Return, with both end lines included, exactly what the data below holds from the line with "3. If an organism's" through the line with "Download Lagu DJ", though not the pictures.

─── Data for this exercise ───

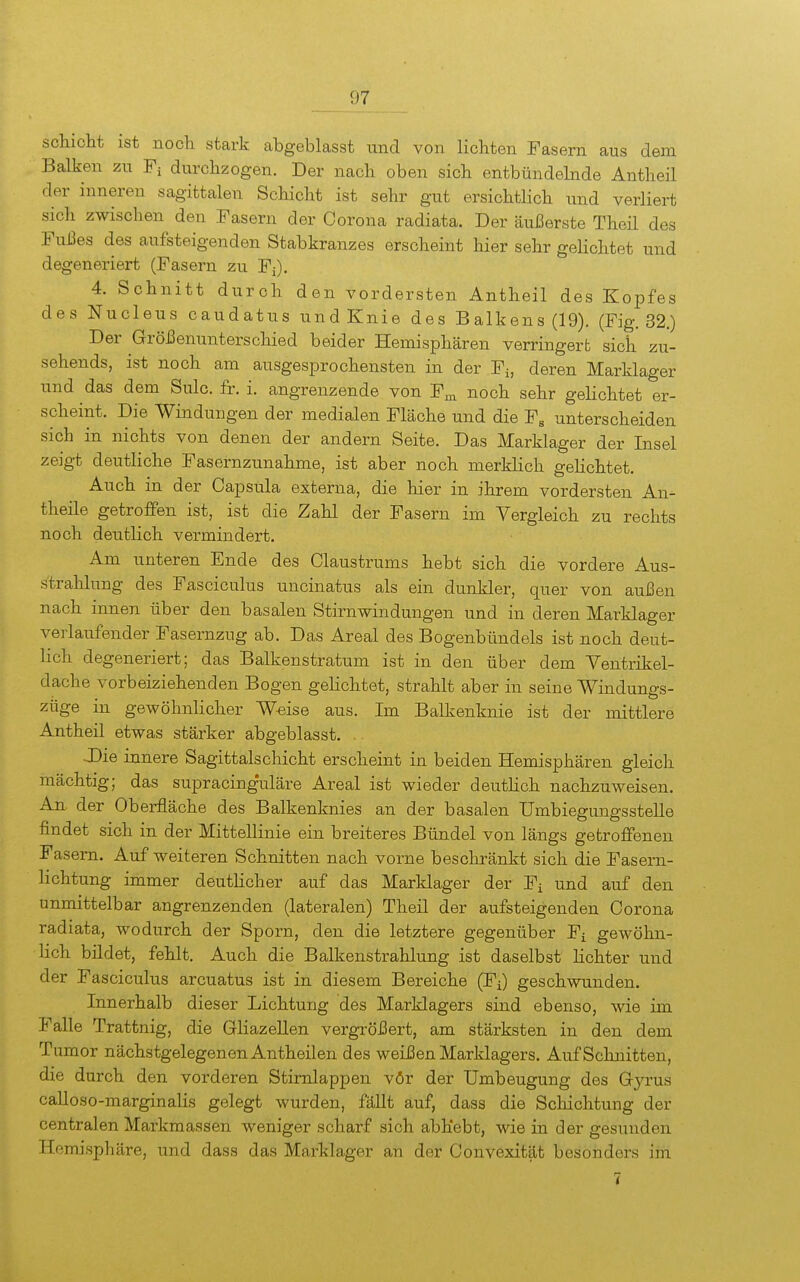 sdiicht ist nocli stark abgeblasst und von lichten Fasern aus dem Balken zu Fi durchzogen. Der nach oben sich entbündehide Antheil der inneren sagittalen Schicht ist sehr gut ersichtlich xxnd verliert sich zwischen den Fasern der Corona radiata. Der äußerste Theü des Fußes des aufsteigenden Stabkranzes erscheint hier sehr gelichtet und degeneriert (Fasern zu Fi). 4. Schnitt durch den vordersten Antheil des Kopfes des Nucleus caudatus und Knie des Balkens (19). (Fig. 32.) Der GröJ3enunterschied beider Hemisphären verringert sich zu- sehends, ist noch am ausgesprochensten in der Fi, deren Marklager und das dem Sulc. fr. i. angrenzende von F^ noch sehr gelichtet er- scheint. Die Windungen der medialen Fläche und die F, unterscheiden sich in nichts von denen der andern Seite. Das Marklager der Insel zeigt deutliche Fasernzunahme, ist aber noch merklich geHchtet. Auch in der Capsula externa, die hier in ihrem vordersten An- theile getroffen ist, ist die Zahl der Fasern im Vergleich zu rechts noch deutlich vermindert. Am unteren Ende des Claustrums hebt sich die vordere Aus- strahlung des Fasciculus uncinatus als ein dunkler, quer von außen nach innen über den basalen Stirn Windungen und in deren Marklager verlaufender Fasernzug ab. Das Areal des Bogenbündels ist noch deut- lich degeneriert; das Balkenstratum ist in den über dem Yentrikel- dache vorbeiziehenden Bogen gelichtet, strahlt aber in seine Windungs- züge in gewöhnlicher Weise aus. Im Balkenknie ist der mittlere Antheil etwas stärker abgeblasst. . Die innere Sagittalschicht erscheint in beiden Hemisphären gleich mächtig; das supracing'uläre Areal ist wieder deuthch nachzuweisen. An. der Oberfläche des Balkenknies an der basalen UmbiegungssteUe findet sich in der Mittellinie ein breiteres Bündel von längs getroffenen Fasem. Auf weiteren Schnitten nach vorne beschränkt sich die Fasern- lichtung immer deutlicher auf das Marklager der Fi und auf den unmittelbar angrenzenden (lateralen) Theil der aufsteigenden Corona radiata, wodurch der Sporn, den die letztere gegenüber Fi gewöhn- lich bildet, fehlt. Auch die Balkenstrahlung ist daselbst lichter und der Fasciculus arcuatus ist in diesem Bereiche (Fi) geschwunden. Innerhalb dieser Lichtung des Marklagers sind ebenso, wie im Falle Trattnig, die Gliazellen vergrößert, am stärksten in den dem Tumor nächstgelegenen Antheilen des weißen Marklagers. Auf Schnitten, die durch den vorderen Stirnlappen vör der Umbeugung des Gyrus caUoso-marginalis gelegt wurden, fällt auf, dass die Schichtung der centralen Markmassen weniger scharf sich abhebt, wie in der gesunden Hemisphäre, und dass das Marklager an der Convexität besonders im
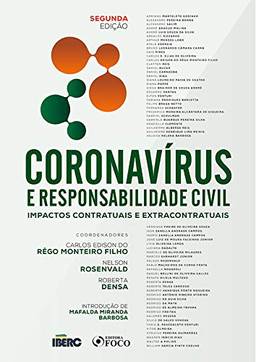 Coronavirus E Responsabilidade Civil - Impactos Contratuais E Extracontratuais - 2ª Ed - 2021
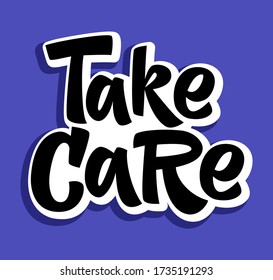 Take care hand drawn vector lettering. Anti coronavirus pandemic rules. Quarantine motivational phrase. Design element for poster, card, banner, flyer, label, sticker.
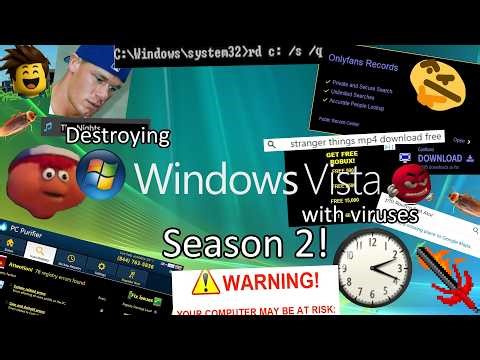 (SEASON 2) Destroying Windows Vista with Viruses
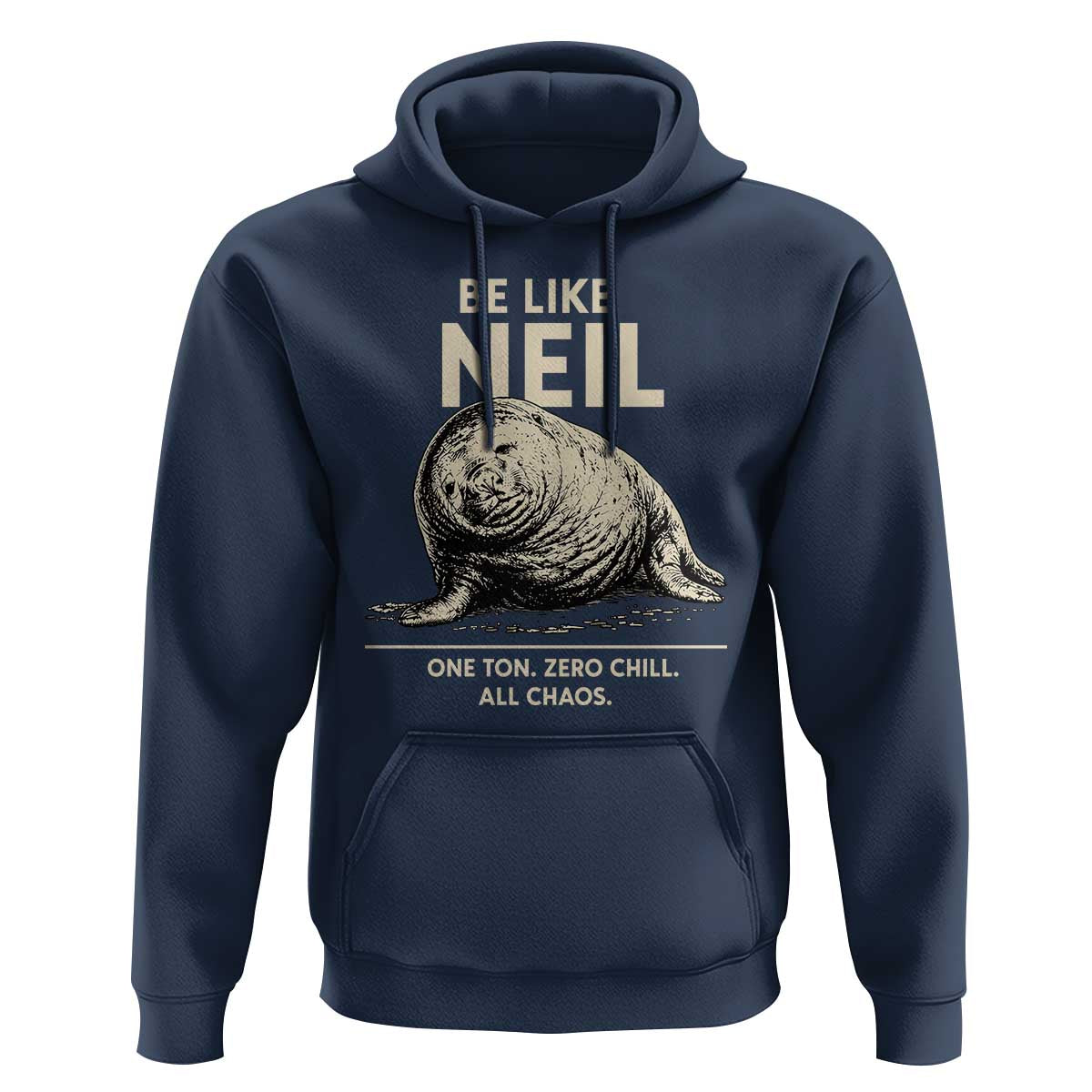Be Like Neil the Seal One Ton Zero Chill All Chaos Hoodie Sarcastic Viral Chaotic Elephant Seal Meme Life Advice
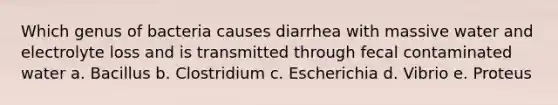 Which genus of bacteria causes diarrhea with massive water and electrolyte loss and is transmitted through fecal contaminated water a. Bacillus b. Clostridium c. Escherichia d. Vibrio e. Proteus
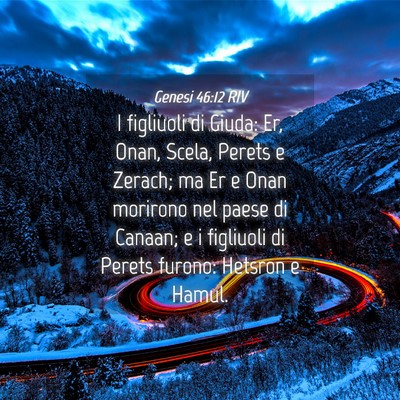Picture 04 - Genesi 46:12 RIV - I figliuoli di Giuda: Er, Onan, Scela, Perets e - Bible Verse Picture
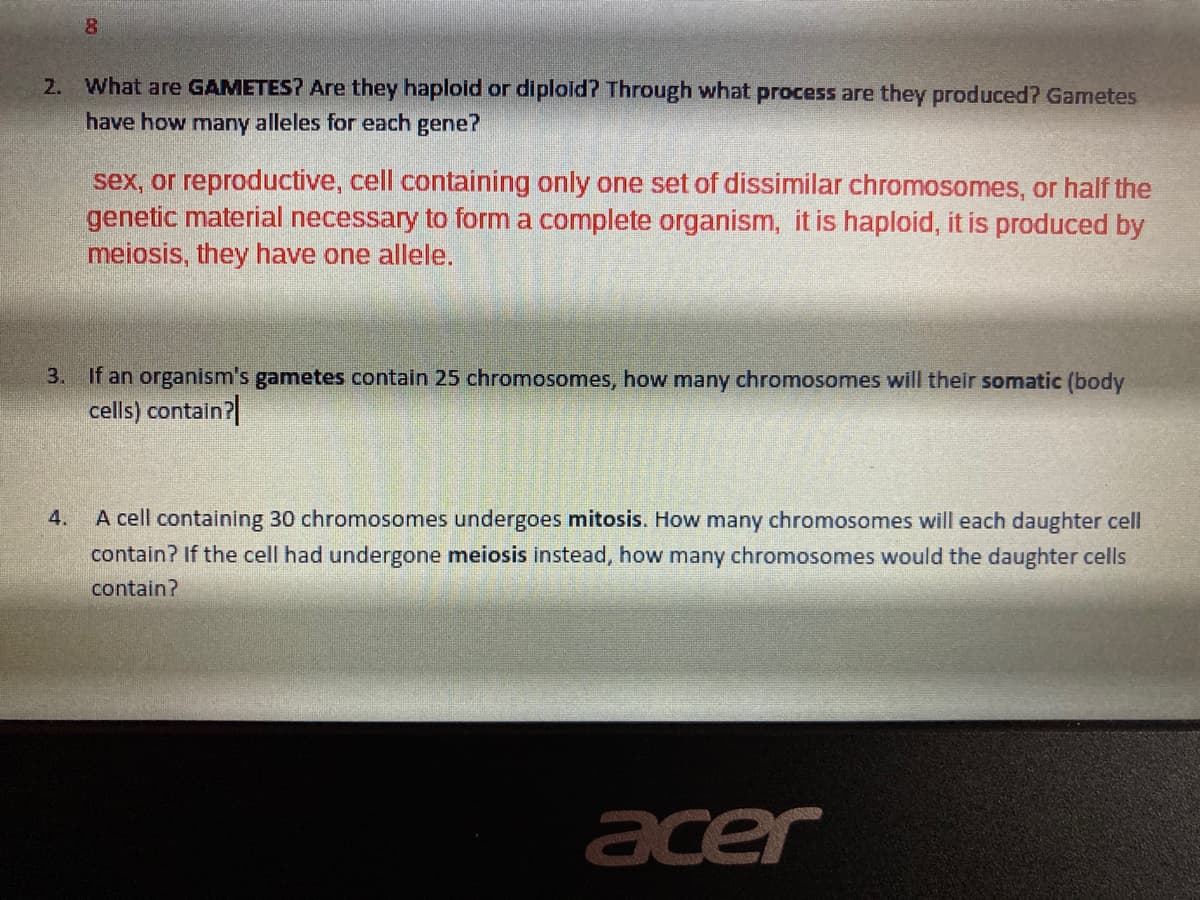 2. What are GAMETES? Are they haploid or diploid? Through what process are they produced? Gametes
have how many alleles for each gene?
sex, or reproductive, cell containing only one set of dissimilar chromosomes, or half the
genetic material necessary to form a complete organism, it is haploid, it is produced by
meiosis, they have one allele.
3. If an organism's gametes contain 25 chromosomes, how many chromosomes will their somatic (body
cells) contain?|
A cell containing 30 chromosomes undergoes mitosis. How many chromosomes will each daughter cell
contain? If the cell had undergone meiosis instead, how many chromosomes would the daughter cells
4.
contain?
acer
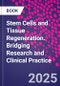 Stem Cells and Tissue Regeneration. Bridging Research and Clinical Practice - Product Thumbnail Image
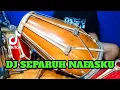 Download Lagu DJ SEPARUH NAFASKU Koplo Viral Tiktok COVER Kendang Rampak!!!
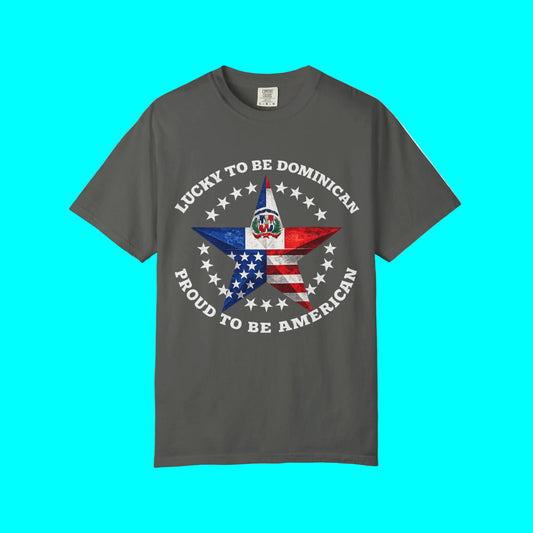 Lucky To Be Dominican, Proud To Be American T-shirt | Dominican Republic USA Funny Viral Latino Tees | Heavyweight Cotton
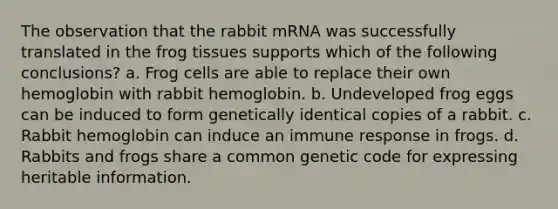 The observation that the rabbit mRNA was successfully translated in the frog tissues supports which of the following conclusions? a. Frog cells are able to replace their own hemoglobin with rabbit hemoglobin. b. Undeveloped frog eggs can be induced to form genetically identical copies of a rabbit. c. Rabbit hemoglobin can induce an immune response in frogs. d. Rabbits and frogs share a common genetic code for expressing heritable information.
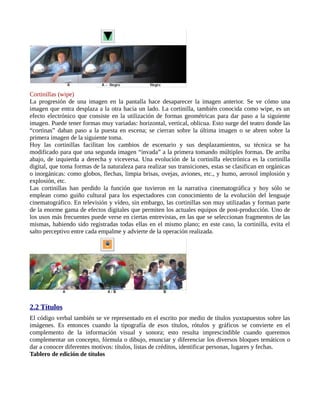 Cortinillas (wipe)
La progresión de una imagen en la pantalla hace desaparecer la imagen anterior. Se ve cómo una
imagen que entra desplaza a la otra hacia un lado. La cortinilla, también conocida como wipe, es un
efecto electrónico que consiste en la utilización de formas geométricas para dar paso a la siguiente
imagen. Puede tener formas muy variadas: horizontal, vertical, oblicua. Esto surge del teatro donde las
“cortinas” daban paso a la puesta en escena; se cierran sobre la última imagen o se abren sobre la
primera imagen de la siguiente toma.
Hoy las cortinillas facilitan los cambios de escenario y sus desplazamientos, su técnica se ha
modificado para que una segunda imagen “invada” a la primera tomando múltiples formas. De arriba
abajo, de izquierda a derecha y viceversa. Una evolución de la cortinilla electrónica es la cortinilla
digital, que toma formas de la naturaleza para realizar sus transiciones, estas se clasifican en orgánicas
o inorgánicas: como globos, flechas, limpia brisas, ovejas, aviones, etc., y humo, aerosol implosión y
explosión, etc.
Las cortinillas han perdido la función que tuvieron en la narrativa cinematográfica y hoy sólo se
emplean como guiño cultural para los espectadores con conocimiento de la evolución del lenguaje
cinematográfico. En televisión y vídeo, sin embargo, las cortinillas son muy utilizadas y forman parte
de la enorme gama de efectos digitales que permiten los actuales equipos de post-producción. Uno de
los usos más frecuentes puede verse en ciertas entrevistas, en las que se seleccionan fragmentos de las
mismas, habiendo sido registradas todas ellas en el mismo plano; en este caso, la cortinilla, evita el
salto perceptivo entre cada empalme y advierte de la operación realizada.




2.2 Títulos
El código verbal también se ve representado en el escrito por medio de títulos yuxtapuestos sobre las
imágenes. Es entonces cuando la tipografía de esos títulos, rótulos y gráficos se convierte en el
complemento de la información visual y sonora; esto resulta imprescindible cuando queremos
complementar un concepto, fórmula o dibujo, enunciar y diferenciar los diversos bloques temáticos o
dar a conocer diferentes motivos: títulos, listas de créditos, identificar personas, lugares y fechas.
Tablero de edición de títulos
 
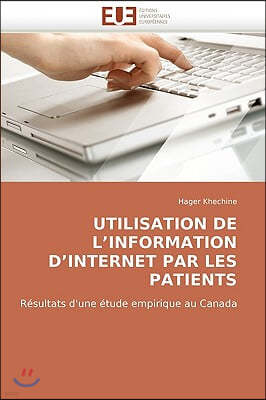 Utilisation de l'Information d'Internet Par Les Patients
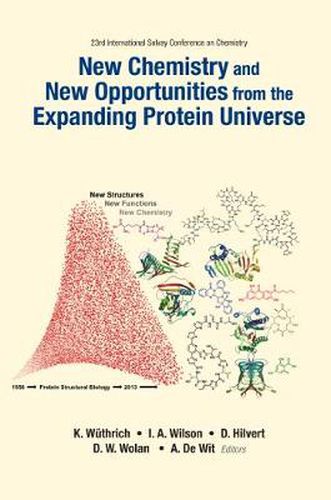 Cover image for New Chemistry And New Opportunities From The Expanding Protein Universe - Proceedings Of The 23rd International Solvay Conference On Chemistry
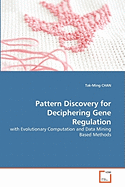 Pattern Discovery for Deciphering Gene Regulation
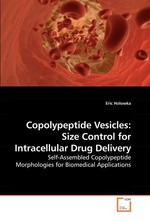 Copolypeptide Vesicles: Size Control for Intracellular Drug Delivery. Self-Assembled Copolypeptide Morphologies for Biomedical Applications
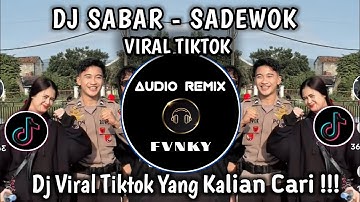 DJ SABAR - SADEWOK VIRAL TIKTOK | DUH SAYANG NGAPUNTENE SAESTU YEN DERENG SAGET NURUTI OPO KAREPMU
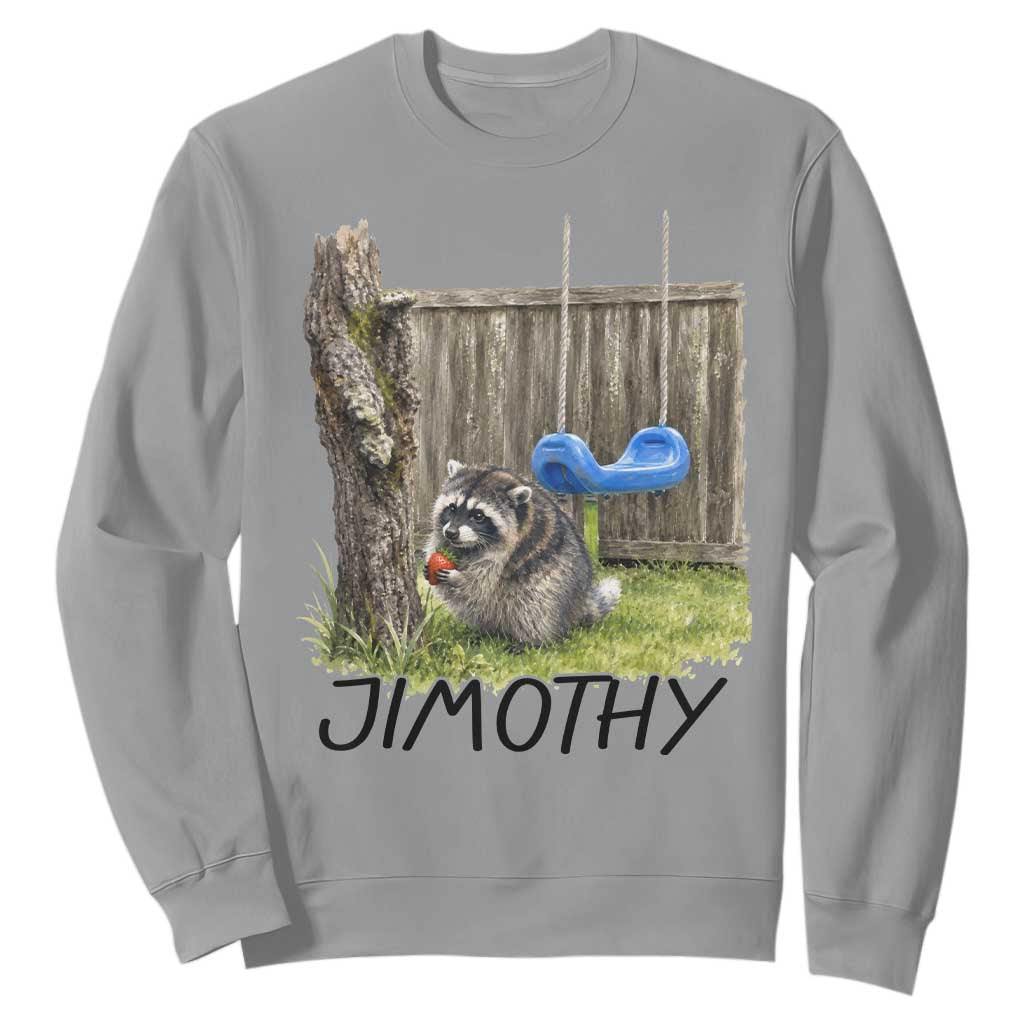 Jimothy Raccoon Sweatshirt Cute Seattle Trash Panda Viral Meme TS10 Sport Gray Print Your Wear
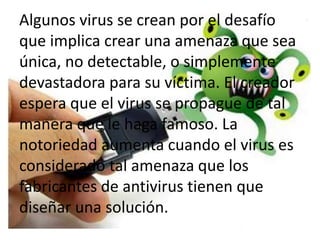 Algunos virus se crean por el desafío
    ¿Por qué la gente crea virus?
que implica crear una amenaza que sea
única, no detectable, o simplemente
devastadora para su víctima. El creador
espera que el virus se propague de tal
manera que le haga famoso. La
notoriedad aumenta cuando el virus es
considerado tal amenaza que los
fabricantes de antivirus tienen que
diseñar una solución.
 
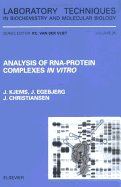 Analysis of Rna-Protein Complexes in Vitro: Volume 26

───

* [Solution for this exercise]:
3. If an organism's gametes contain 25 chromosomes, how many chromosomes will their somatic (body
cells) contain?|
A cell containing 30 chromosomes undergoes mitosis. How many chromosomes will each daughter cell
contain? If the cell had undergone meiosis instead, how many chromosomes would the daughter cells
4.
contain?
acer
 Stem Cells and Tissue Regeneration. Bridging Research and Clinical Practice - Product Thumbnail Image
 Download Lagu DJ SEPARUH NAFASKU Koplo Viral Tiktok COVER Kendang Rampak!!!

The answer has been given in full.